Today, Justice Mark Horner will ask representatives of Ulster GAA, and those of the Mooreland and Owenvarragh Residents’ Association, to outline their positions regarding what the future will hold for Casement Park.
On Monday, the judgement was that procedures had not been properly followed. Mr Justice Horner also made mention in his findings that attendances of 32,600 as a baseline figure for a 38,000 all-seater stadium were unrealistic.
He stated: “This was neither a fair nor lawful approach because the evidence made it clear that a crowd of 32,600 was never going to attend the present Casement Park now or in the foreseeable future.”
For three years in the middle of the last decade, St Tiernach’s Park in Clones could not even cope with the demand for Ulster finals, and so it was moved to Croke Park.
Since returning to Clones in 2007, Ulster final attendances have surpassed that figure five times.
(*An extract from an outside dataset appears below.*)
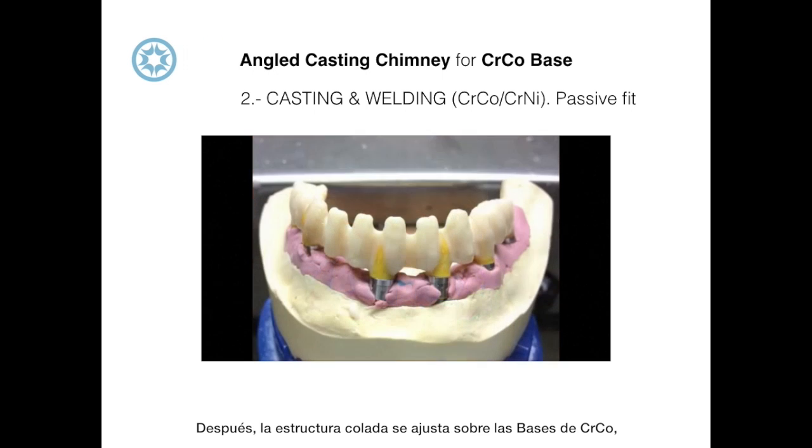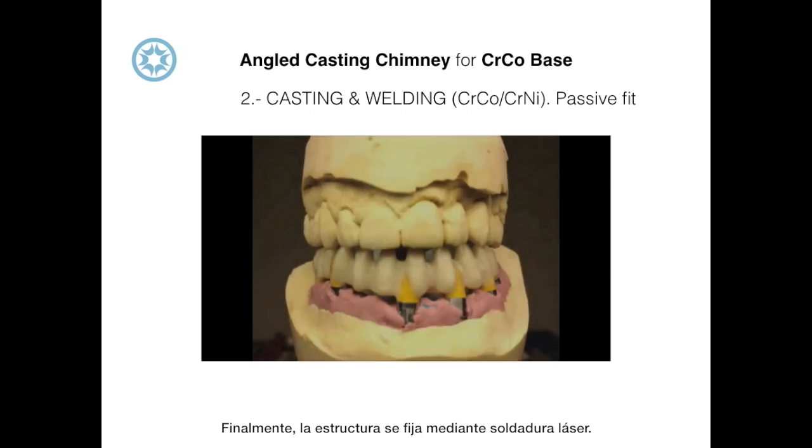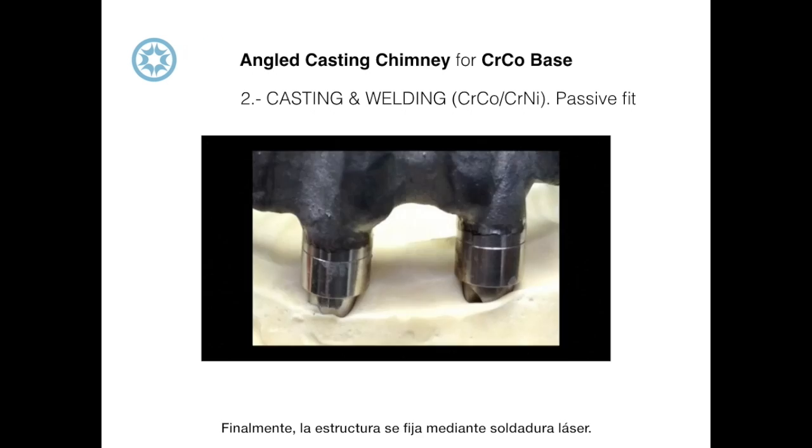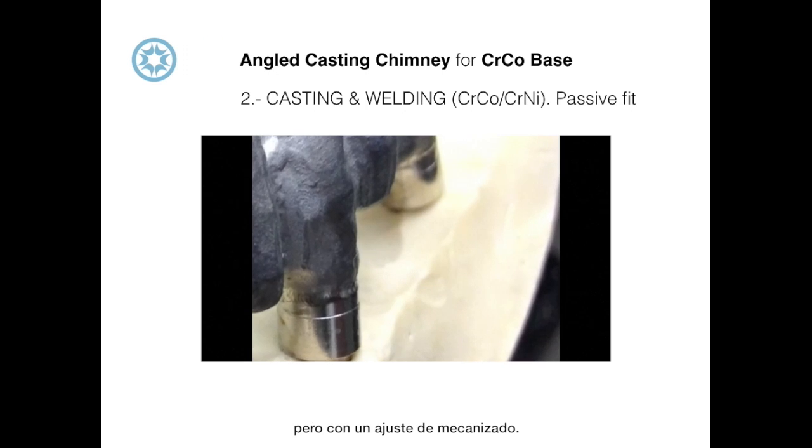After the casted structure is adjusted over the cobalt chromium base, thereby achieving a passive fit, the structure is fixed through laser welding. In this case we have a casted structure which is quite affordable but was made using a mechanized fitting.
With the prospect of a new, gleaming stadium, it would be entirely expected that final attendances would be close to full houses.
Add in an All-Ireland quarter-final, and the occasional concert. Consider also that the premises could be used to house business meetings and functions in the same way that Croke Park is used now.
The last Ulster senior Gaelic football final to be played in Belfast was in 1970. Since then, the unremarkable but romantic market town of Clones has played host to it.
It may have a special place in the heart of Gaelic football fans, but it is out of the way. GAA needs to go centre stage in Ulster. Casement is the place for it.